In less than two years, the transition to digital TV will be a done deal. For anyone shopping TVs today, the question isn’t whether you’ll buy an HDTV but which type, format, and feature set you’ll choose. Consumers used to just pick a screen size and style. These days you have to pick from an alphabet soup of technologies, too: DLP, D-ILA, LCD, and plasma for starters and then projector or standalone TV to boot.
All the options are good news for homeowners seeking to fit TVs into various rooms in the house. Today’s custom home could well house several different types of TVs depending on the room and the application. Flat-panel TVs may be all the rage, but customers will always prefer the cinema-like experience of a projector system in the home theater. An affordable rear-projection TV might be the best option for a family room where homeowners don’t want to commit to a full-blown installation. An LCD TV might be the preferred choice over plasma for above the fireplace because its lighter weight requires less bracing.
Manufacturers are doing their part to make HDTV too good to pass up. Price wars at the end of 2006 sent consumers scurrying to stores in search of $1,000 42-inch plasma TVs, a price not fathomable a few short years ago. And TVs today simply fit better in a room. Design is as much a part of the engineering process as picture quality and features. Flat displays are no longer a marketing craze but the holy grail of TV design. The big bulky rear-projection tube TV of the past will soon be a relic of the analog age. Not all TVs are flat panels, but competing technologies had better be thin if they want to take on plasma and LCD.
There are a few things homeowners need to know about their TV choices over the next few years. Flat-panel TVs will expand into new and larger screen sizes to meet a variety of placement options. Panasonic held 2006 bragging rights with the largest flat-panel TV—a 103-inch plasma model that sells for roughly $60,000. Sharp Electronics wants the trophy this year and plans to deliver a 108-inch LCD TV during 2007.
An alternative to plasma and LCD is Digital Light Processing (DLP), a technology based on Texas Instruments components and built to the specs of TV makers including Samsung, Toshiba, Mitsubishi, LG, and others. DLP TVs tend to be larger and less expensive than their flat-panel counterparts. Mitsubishi’s DLP TVs, for instance, measure 52-, 57-, 62-, 65-, and 73 inches.

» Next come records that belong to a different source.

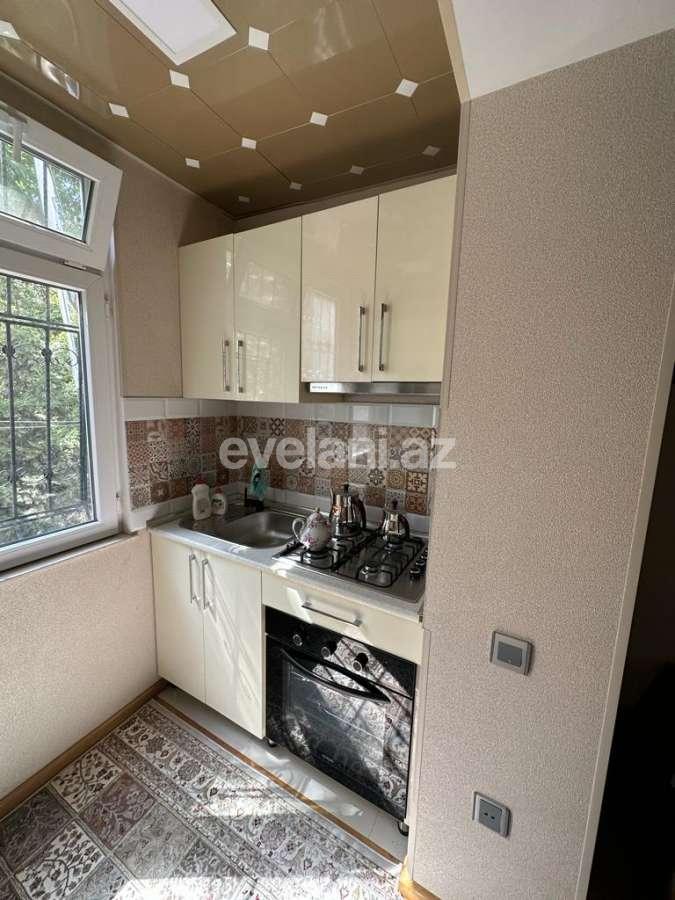 Сдаётся, вторичка, 2-комнаты, 40 m², Баку, Ясамальский r, Ясамал p, Элмляр Академиясы m.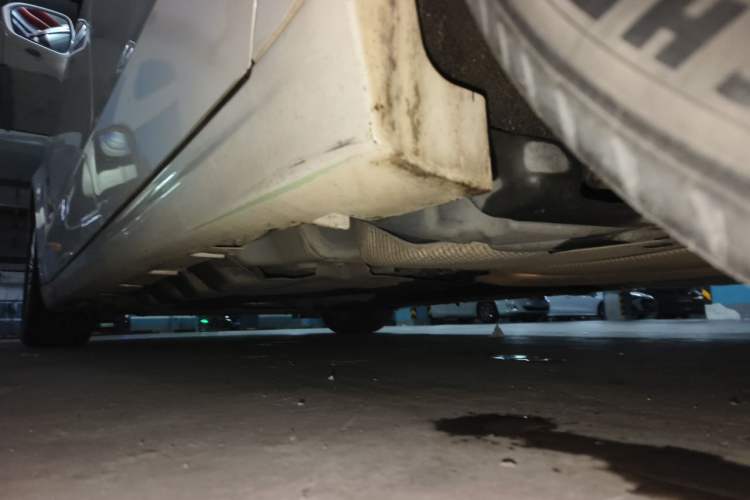 Used Ford Mondeo 2013 2.0L GTDi 200 Luxury Model Chassis Rear Left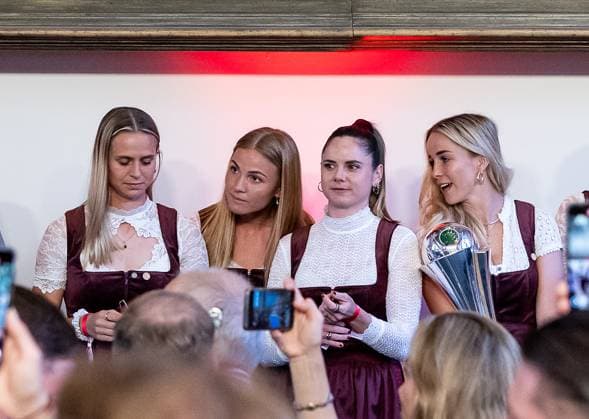 Klara Buehl (FC Bayern Muenchen Frauen, 17), Glodis Perla Viggosdottir (FC Bayern Muenchen Frauen, 4), Sarah Zadrazil (FC Bayern Muenchen Frauen, 25) und Giulia Gwinn (FC Bayern Muenchen Frauen, 7) auf der Buehne im Sitzungssaal Empfang und Meisterehrung FC Bayern Muenchen Maenner und Frauen, Fussball, Bundesliga, Saison 2024 2025, 18.05.2025. Empfang und Meisterehrung FC Bayern Muenchen Maenner und Frauen, Fussball, Bundesliga, Saison 2024 2025, 18.05.2025. Muenchen Copyright: xEibner-Pressefoto FranzxFeinerx EP_HFR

DLP TVs are shallower and much lighter than the old CRT tube TVs, but they still require a fair share of floor space. A 56-inch Samsung DLP set, for instance, measures 17 inches deep. But DLP technology doesn’t require the glass tubes of old rear-projection sets, making them lightweight for their size. For those wanting to mount a TV in a cabinet, the 84-pound weight is extremely manageable.